Wartete darauf, dass Dad nach Hause kam.
22 : 17
22 : 45
23 : 13
23 : 56
00 : 34

Hatte ich ihn überhört?
So lange kann er doch nicht weg sein.
Meine Mutter hatte mir gesagt, dass es bei ihm heute etwas später wird.
Aber doch nicht so spät?
Leise stand ich auf und schlich aus meinem Zimmer.
Oh, tatsächlich, mein Vater war schon da.
Oh man.
Diese Sache verwirrte mich mehr, als ich gedacht hatte.
Jetzt kriege ich nicht mal mehr mit, wenn mein Vater nach Hause kommt.

Langsam ließ ich mich auf die oberste Treppenstufe sinken und lauschte angestrengt.

"... nicht mehr sicher. " sagte Dad gerade.
Warscheinlich hatten er und Mum schon eine Weile gestritten, denn er klang genervt, müde und seine Stimme war heiser.
"Wir können..." setzte Mum an doch er unterbrach sie.
"Celine! Hör mir zu!
Sarina ist nicht mehr das kleine Mädchen, welches du gerne hättest. Es ist an der Zeit, dass sie mit ihresgleichen zusammenlebt. Mit Jugendlichen in ihrem Alter....
Hier hat sie keine Freunde. " Dieser Satz versetzte mir einen Stich.
Er hat Recht.
Ich wurde in der Schule nicht gemocht.
Ich wurde respektiert, das schon, aber ich hatte das Gefühl, dass sich die Meisten in meiner Gegenwart nicht wohlfühlen.
Anfangs habe ich mir eingeredet, dass das nicht an mir liegt. Aber das ist schon 'ne Ewigkeit her.

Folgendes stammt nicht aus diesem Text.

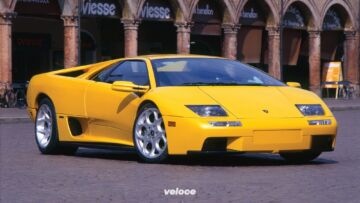 Lamborghini Diablo 6.0 4 Lamborghini Diablo 6.0 4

"Wir müssen ihr die Chance geben, welche zu finden. Den Stoff der 10. Klasse kann sie sich auch selbst beibringen, wenn du unbedingt willst... Das Thema haben wir doch schon sooft durchgekaut....
Vielleicht sollten wir ihr die Entscheidung überlassen."
-Stille-
"Du weißt welche das ist, nicht wahr?

"Ja, ich habe es in ihren Augen gesehen." sagte Mum mit brüchiger Stimme.
Ich machte in Gedanken einen Luftsprung. Tyler hatte wirklich gewusst, dass mein Vater darüber anders dachte.
Mum hingegen stieß einen erstickten Laut aus.
Findet sie es dort wirklich so schrecklich?
"Schatz," sagte Dad nun liebevoll.
"Es wird ihr nichts passieren.
In der Akademie wird ihr ein normales Leben ermöglicht. Naja, so normal wie möglich. Sie wird dort glücklich sein. So wie wir damals."
Also doch nicht.
"Versprochen!"

Warte, sie sind dort zu Schule gegangen!?
Warum hat es keiner für nötig gehalten mir davon zu erzählen?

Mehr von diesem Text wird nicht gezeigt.